• [Records shown]:

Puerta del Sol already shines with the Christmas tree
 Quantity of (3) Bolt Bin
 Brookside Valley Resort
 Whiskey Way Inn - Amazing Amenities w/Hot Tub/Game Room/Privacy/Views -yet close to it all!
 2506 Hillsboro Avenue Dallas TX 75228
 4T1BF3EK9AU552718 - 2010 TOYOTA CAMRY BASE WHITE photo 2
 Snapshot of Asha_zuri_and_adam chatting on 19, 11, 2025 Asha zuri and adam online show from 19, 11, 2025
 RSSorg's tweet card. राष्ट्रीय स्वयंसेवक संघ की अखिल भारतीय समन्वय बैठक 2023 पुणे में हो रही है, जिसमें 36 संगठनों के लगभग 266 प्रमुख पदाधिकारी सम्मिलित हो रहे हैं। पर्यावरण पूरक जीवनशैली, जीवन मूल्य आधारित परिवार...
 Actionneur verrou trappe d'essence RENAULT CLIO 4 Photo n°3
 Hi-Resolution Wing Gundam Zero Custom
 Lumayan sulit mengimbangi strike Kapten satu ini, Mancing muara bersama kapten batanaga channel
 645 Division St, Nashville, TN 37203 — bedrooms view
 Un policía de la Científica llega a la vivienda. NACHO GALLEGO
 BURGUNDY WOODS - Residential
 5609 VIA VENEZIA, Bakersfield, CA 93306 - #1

• [Task statement]:
Retype each entry exactly, leaving none of them out.

• [Solved exercise]:
Puerta del Sol already shines with the Christmas tree
 Quantity of (3) Bolt Bin
 Brookside Valley Resort
 Whiskey Way Inn - Amazing Amenities w/Hot Tub/Game Room/Privacy/Views -yet close to it all!
 2506 Hillsboro Avenue Dallas TX 75228
 4T1BF3EK9AU552718 - 2010 TOYOTA CAMRY BASE WHITE photo 2
 Snapshot of Asha_zuri_and_adam chatting on 19, 11, 2025 Asha zuri and adam online show from 19, 11, 2025
 RSSorg's tweet card. राष्ट्रीय स्वयंसेवक संघ की अखिल भारतीय समन्वय बैठक 2023 पुणे में हो रही है, जिसमें 36 संगठनों के लगभग 266 प्रमुख पदाधिकारी सम्मिलित हो रहे हैं। पर्यावरण पूरक जीवनशैली, जीवन मूल्य आधारित परिवार...
 Actionneur verrou trappe d'essence RENAULT CLIO 4 Photo n°3
 Hi-Resolution Wing Gundam Zero Custom
 Lumayan sulit mengimbangi strike Kapten satu ini, Mancing muara bersama kapten batanaga channel
 645 Division St, Nashville, TN 37203 — bedrooms view
 Un policía de la Científica llega a la vivienda. NACHO GALLEGO
 BURGUNDY WOODS - Residential
 5609 VIA VENEZIA, Bakersfield, CA 93306 - #1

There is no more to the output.